Plaignant
Mme Julie Gréco
Mis en cause
M. Carl Monette, animateur, M. Raynald Brière, président et chef de direction RNC Media, l’émission « Monette » et la station CHOI 98,1 FM
Résumé de la plainte
Mme Julie Gréco dépose une plainte le 16 novembre 2014 contre l’animateur M. Carl Monette et la station CHOI 98,1 FM, concernant un segment de l’émission « Monette » diffusée le 10 novembre à 11 h 55. La plaignante déplore la diffusion de propos haineux portant atteinte à la dignité.
La station CHOI 98,1 FM a refusé de répondre à la présente plainte.
Au début du segment, le responsable de la salle de rédaction de Radio Beauce résume les faits concernant l’arrestation et la comparution de Jean-François Roy, accusé du meurtre d’un chauffeur de taxi. Par la suite, l’animateur plaide en faveur de la peine de mort pour les individus reconnus coupables de meurtre. Il invite les auditeurs à partager leur opinion.
Analyse
Grief 1 : diffusion de propos haineux portant atteinte à la dignité
La plaignante relève huit extraits où l’animateur ou l’un de ses auditeurs tiennent des propos haineux comprenant des menaces de mort et portant atteinte à la dignité.
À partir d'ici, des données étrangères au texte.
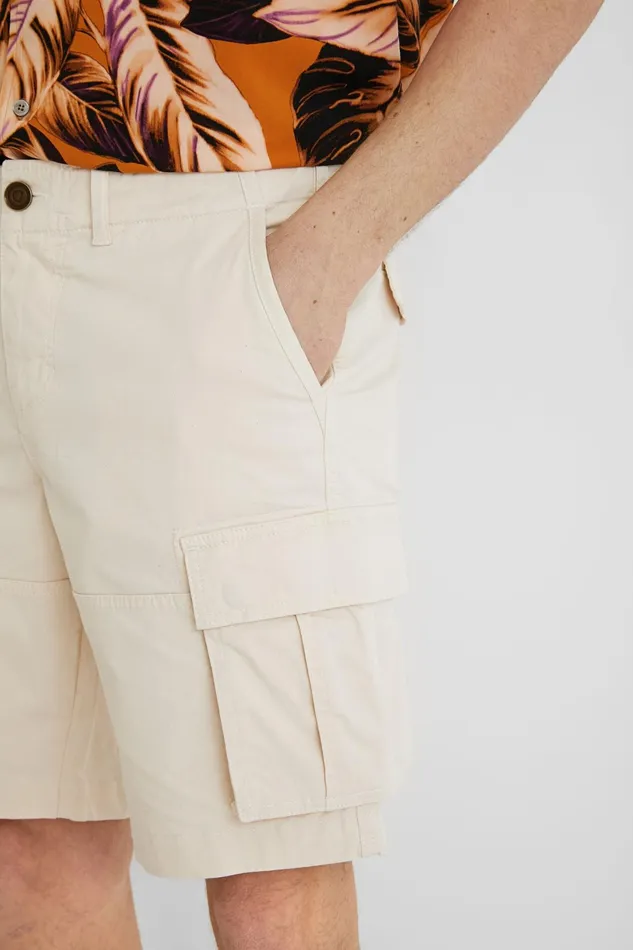 Desigual Plain Cargo Bermudas Mens Jeans and Pants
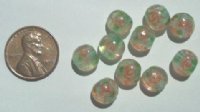 10 9x6mm Green with Flower Lampwork Disks
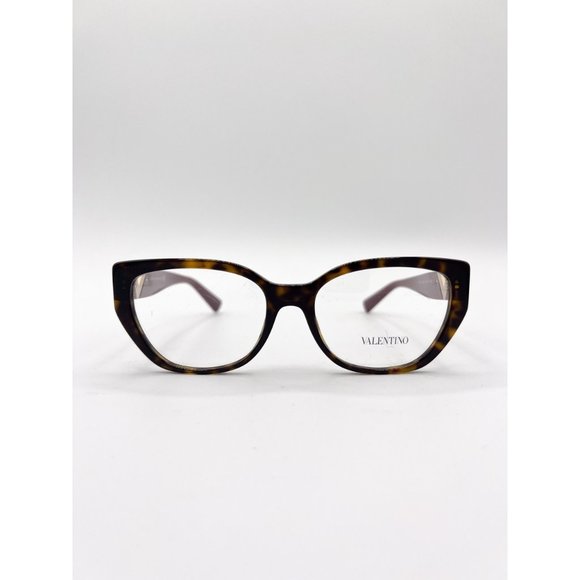 Valentino Women's Eyeglasses VA3037 5002 Full Rim Cat Eye Rockstud Havana 54mm P - Picture 2 of 14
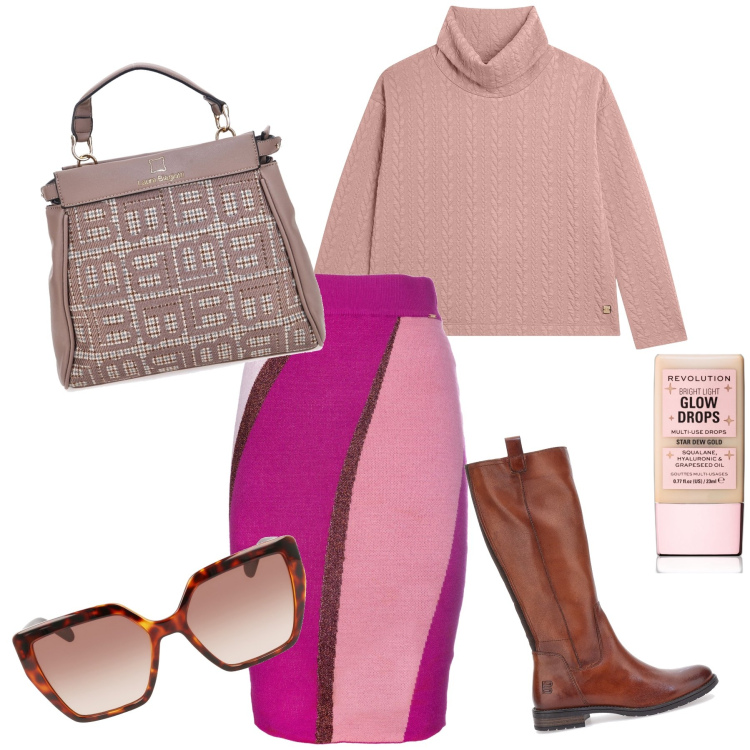 Outfit donna - La gonna fa il look. Stile Glamour per Tutti i giorni. Abbinamento con primer, gonne, maglieria, stivali sopra il ginocchio, occhiali da sole, borse a mano.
La plainte de Mme Gréco vise les propos suivants :
Carl Monette : « Qu’est-ce qu’on fait avec des Jean-François Roy de ce monde? »
C. M. : « Entre vous pis moi, ça [le meurtre du chauffeur de taxi] c’est un excellent cas, selon moi, de ramener la peine de mort pour l’espace de cinq minutes et après ça on s’en débarrasse pis on passe à d’autres choses. »
C. M. : « Moi lui [Jean-François Roy], une balle dans le front, j’ai aucun problème avec ça. »
C. M. : « Moi, Guy Turcotte, je m’en débarrasserais, ça prendrait pas de temps pantoute. »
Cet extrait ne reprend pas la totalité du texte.